On Tuesday, March 3, a small group of Macalester students received an email from Associate Vice President of Admissions and Financial Aid Brian Lindeman ’89 titled “In Saint Paul for spring break? Mac Money is available to you.”
The email went on to describe a new initiative Macalester is implementing during the upcoming spring break which will help students in need access food without spending money at The Grille every day.
This initiative provides a small group of students with $176 in Mac Money which will be applied to their accounts the morning of March 14. This money can be used at The Grille or campus vending machines throughout the break. Any unused balance will be removed from student accounts on the morning of March 22.

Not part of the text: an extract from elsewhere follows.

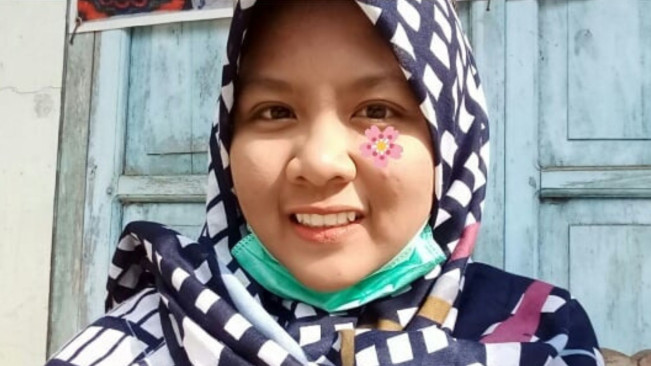 Sheila Arika menikah dengan Tarman, kakek usia 74 tahun (Instagram @sheila_arika)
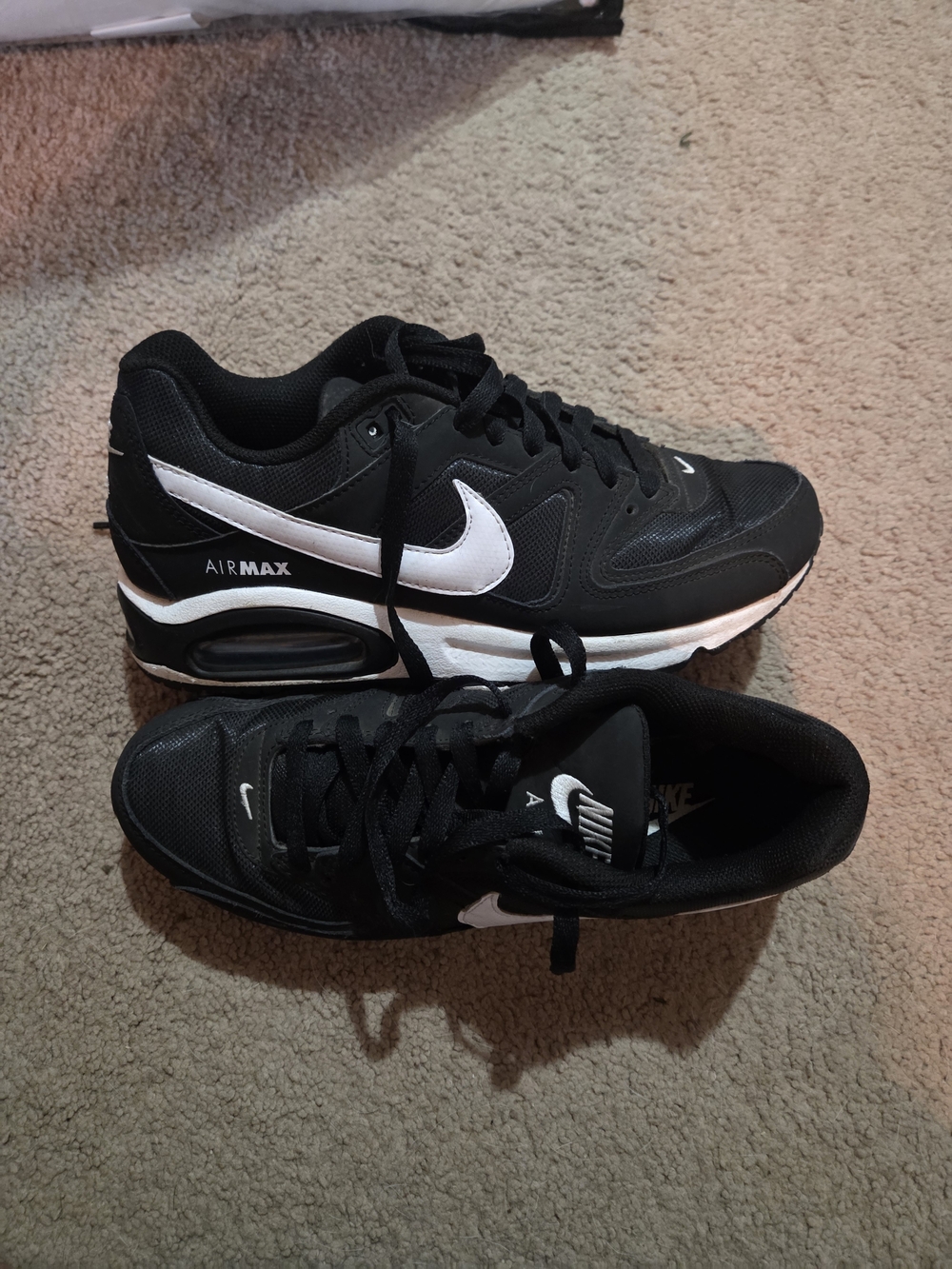 Nike Black and White Woman's Air Max Athletic Sneakers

According to the email sent to this group, the hours of The Grille will also be extended during the break. It will be open from 7:30 a.m.-6:00 p.m. every day from March 14-21. Normal hours will resume on March 22.
“All the credit goes to MCSG because they are definitely the ones that brought this forward to us,” Associate Vice President for Finance Patricia Langer said. We had some good conversations with them.”
Vice President and Student Services and Relations Committee chair Fatiya Kedir ’21 and Financial Affairs Committee member Jason Kohn ’20 spearheaded this project. Both were a part of the MCSG group which submitted a resolution to Bon Appétit and the college last semester, asking for meal swipes to be accessible during spring break.
Kedir and Kohn met with the committee including Langer and representatives from Bon Appétit, to discuss their vision. After this meeting, and looking at peer schools’ programs, the committee decided on the Mac Money plan.
“The plan that we moved forward with is one that seemed to be pretty popular [among peer institutions] and worked well,” Langer said. “It achieved the goal of providing a currency that is already used — since anonymity is something that was really important to MCSG.”
In past years during the break, Cafe Mac, the Loch, Scotty’s and the Atrium all closed on Friday. After that, the only food available on campus from Bon Appétit was at The Grille, which was only open during the weekdays from 8:00 a.m.-1:00 p.m. While students were able to use Flex Points, meal swipes are not available over the break.
For students who can’t afford a flight home, this can be a large financial burden.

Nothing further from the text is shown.